Instrumentalized for Control
As to point #3, the individual has been instrumentalized as an economic unit by the neoliberal perspective. In a long history of arguments stemming from the Arts and Humanities, but more significantly from origins in Christian communities in both Catholic and Protestant backgrounds, we should understand that the person as a tool for some other end, whether it is the withering away of the state in Marxist terms, or the advancement of the superior race in Nazi terms, is the first step in a totalitarian establishment. And the “primary individual”, in Mr. Peckford’s terms, makes us powerless against a corrupt government who is sleeping with mass corporate entities who very much want us to enter the market as individuals where we too can perform our authentic, free selves. We can perform, and they can reap the profits and make us all the more subservient along the way. I again place the instrumentalization of persons as the key step in the arrival of totalitarianism. The instrumentalization of the human person is the turning of that person into a tool for some larger order. We saw this in Nazi Germany and the Stalinist Soviet Union, where every human being who would fulfill a role in the party had a place within it, even though it was a very regimented place. It was not so much freedom as it was a role. And good family men, like Adolph Eichmann, found their place within it because otherwise their family (i.e. their identity) would be destroyed.

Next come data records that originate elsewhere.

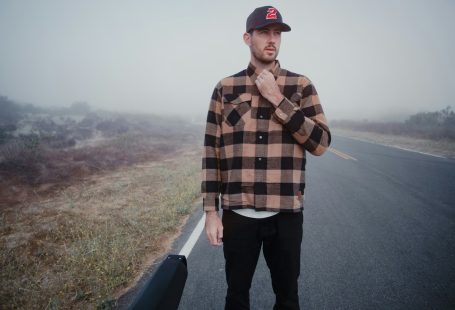 man-in-brown-and-black-plaid-dress-shirt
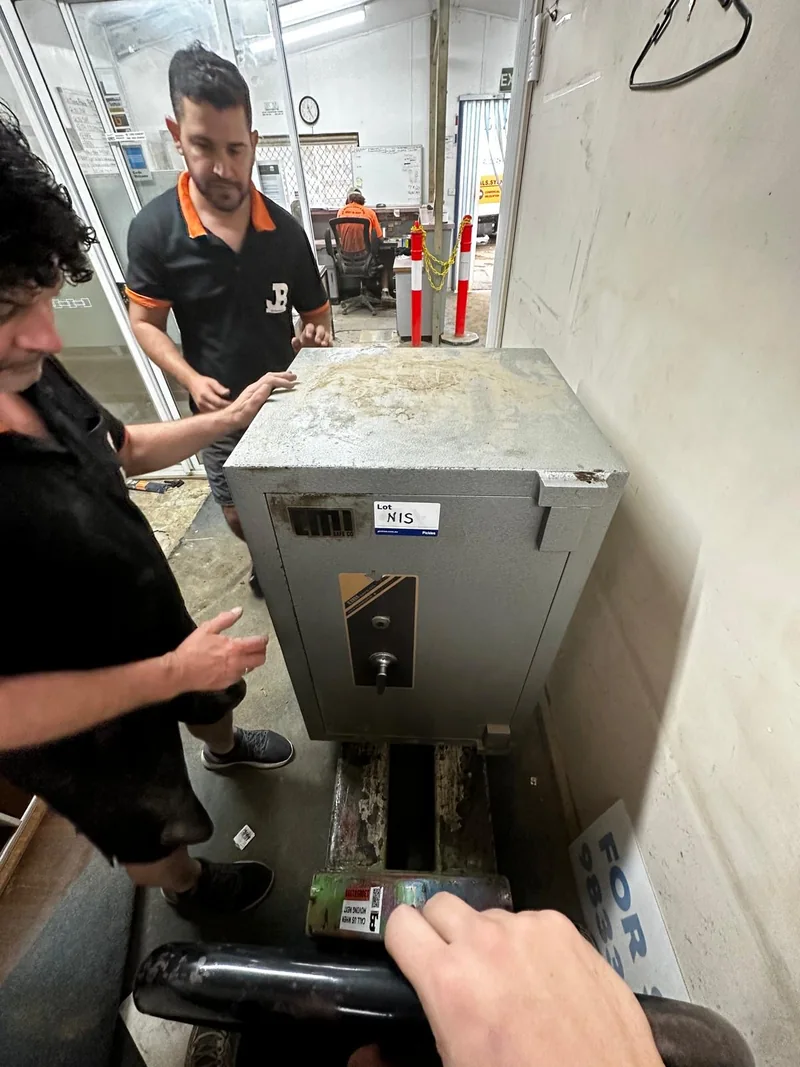 JB Removals crew beside the 450 kg safe and moving equipment in a narrow passage in Sydney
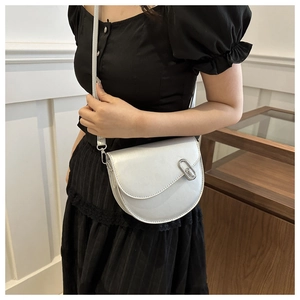 Close-up of a silver saddle bag with metallic finish and buckle on a black dress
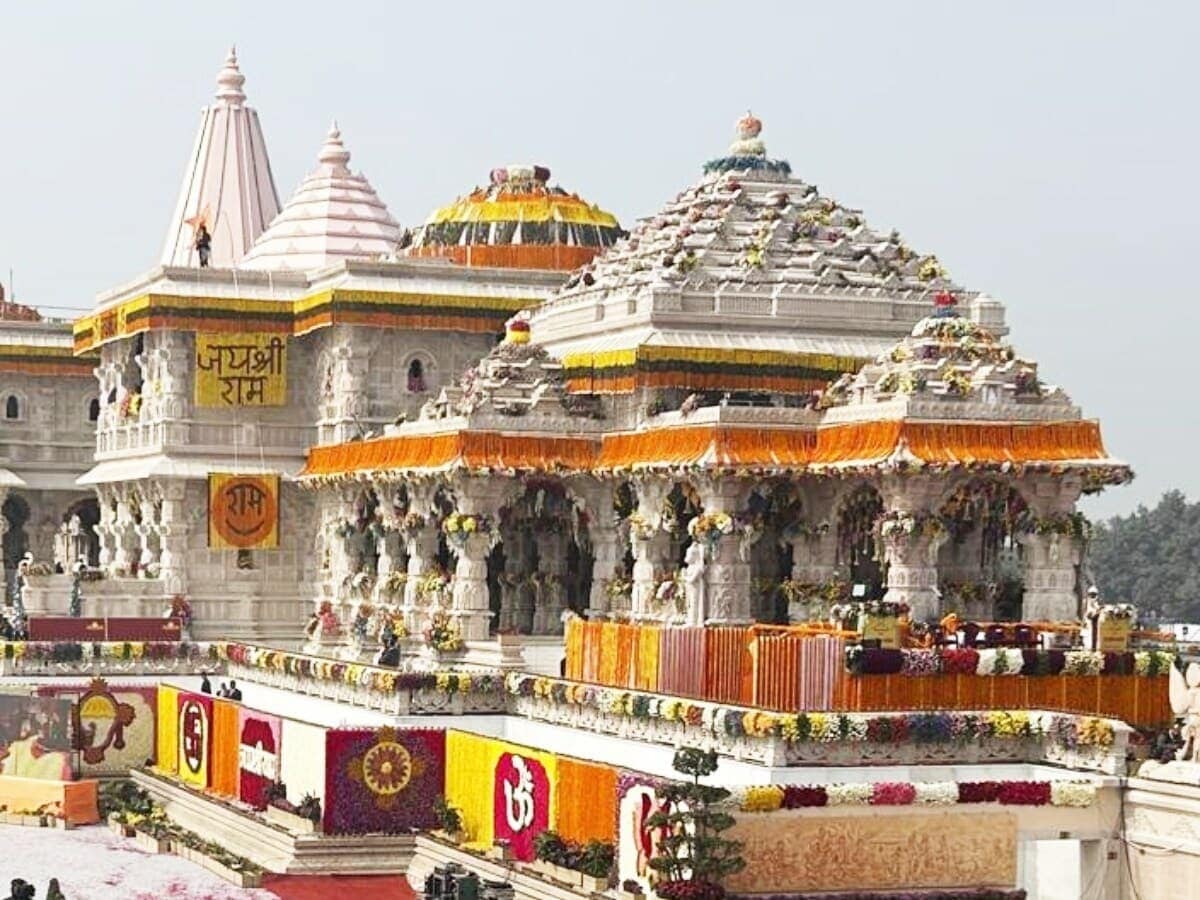 Ram Mandir temple construction site in Ayodhya with scaffolding and carved pillars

Those who did not find a place in the Nazi system or with the Bolsheviks were either summarily executed, or forced into irretrievable exile.
Now if individuals are conceived as tools, prosperous and non-political tools, in a larger economic order, they may find a certain sense of pleasure. After having their food delivered, they may turn on Netflix, consume divisive news by mainstream news (let’s finally admit that the CBC is a mouthpiece for the governing party), follow Youtube rabbit holes, or algorithms governed by Google. They may be keyboard warriors, surrounded by snowflakes outside who think that tweeting is action, and that “calling out” inappropriate behavior is freedom (I am calling out you, Jordan Peterson). But in so doing any of these activities, they are not acting as individuals. Instead, they are finding their way in an economic chain of being that, as they search for letters to fill search boxes may spell out their own doom.
And so we will be prepared for totalitarianism in the economic great chain of being.
Thank you, Mr. Peckford and Mr. Trudeau, for standing on the same ground that grows this totalitarian economic outlook. We can now see it and the economic totalitarian aspirations of a neo-liberal order (and its parentage of British colonization and Anglo-American economic theory). Now, with the evidence of our eyes and ears, we can turn back to our significant others, embracing inescapable moral horizons, and democratically work again for a secure public world filled with democratic noise and necessary argument. That there is still a place for such noisy argument is worth preserving.